Task prompt:
In the listing below, the lines starting at the line with "50-årsdagen för personligen" and ending at the line with "Navy & White" are to be output verbatim. Images stay out of the copy.

Exercise inputs:
○ ○ ○ ○ ○ ○ ○

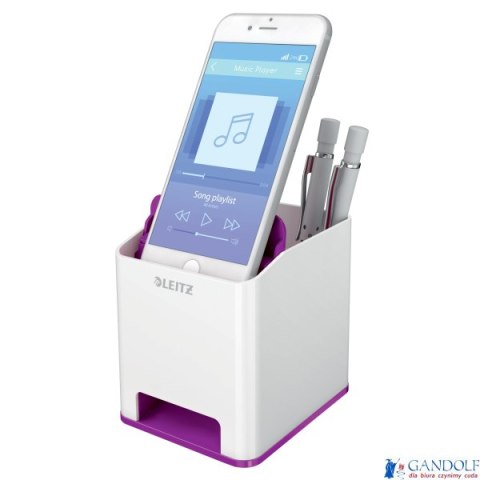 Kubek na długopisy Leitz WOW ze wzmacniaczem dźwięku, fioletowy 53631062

○ ○ ○ ○ ○ ○ ○

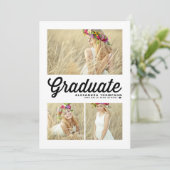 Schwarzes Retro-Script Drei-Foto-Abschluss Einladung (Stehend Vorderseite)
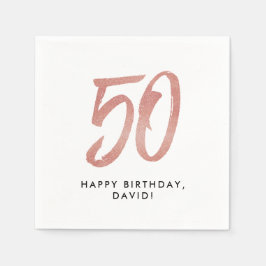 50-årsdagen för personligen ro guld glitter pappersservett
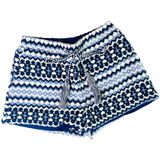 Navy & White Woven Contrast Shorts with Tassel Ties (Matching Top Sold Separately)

○ ○ ○ ○ ○ ○ ○

Answer section:
 50-årsdagen för personligen ro guld glitter pappersservett
 Navy & White Woven Contrast Shorts with Tassel Ties (Matching Top Sold Separately)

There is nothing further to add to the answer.